======== Input records ========

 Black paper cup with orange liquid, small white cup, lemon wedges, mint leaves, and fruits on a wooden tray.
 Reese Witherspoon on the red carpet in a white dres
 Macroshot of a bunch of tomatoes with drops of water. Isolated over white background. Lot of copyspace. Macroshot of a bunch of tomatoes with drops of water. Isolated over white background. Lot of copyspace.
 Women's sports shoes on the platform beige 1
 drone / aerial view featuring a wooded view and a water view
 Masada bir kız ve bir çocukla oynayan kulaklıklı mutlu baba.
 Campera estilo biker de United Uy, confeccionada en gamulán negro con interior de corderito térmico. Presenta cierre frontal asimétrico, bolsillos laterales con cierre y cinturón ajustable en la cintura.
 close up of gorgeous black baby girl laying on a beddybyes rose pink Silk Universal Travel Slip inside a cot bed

========
======== Input records ========

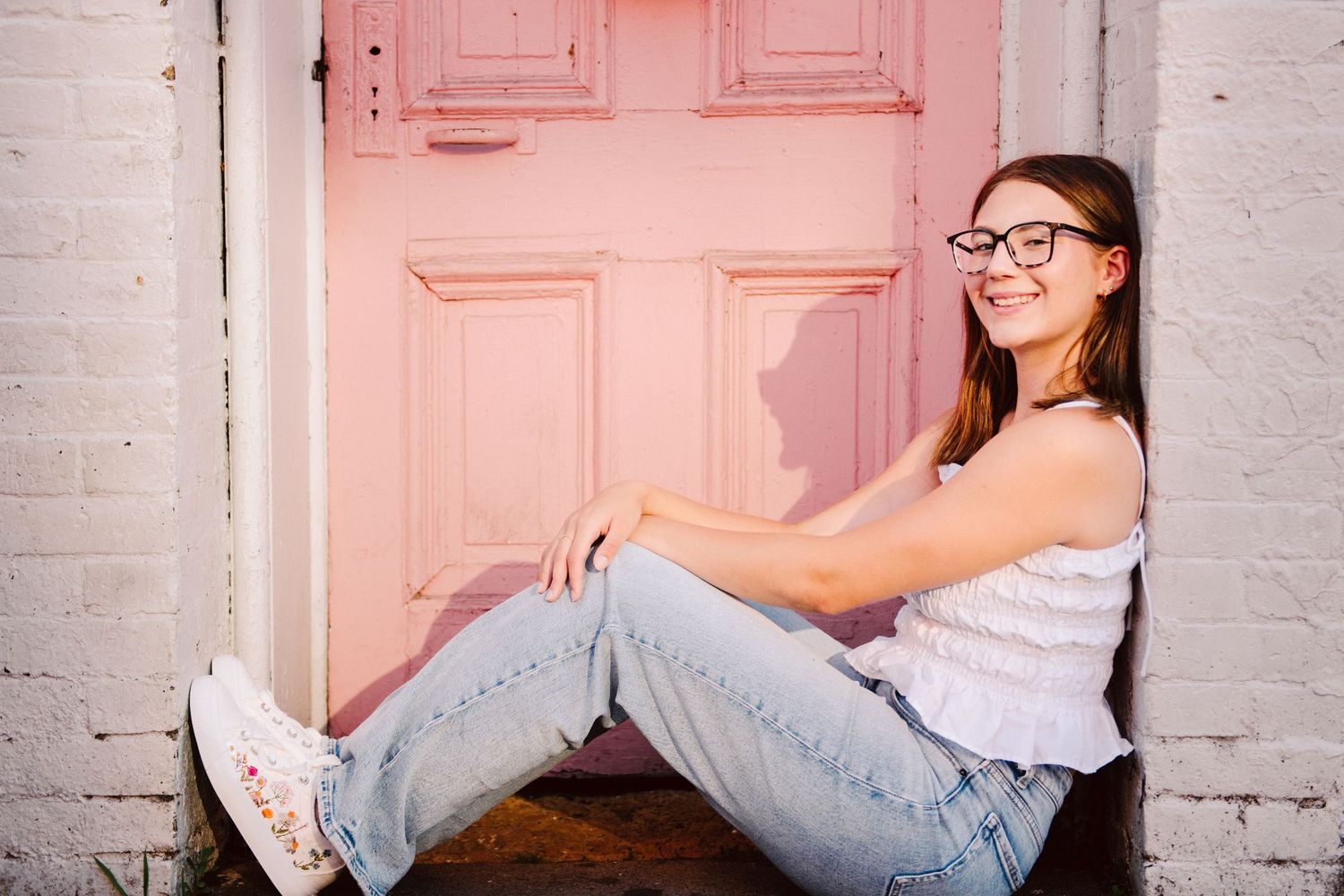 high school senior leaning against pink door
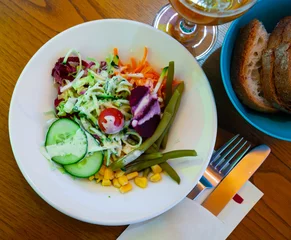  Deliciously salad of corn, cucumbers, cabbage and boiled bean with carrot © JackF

========
======== Input records ========

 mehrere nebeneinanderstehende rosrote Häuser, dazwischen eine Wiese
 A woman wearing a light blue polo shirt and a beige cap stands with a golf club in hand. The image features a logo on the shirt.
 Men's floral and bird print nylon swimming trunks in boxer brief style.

========

In the records above, the line with "drone / aerial" marks the start and the line with "close up of" marks the end; copy that stretch exactly, both lines included, and nothing else.

__Response area__:
 drone / aerial view featuring a wooded view and a water view
 Masada bir kız ve bir çocukla oynayan kulaklıklı mutlu baba.
 Campera estilo biker de United Uy, confeccionada en gamulán negro con interior de corderito térmico. Presenta cierre frontal asimétrico, bolsillos laterales con cierre y cinturón ajustable en la cintura.
 close up of gorgeous black baby girl laying on a beddybyes rose pink Silk Universal Travel Slip inside a cot bed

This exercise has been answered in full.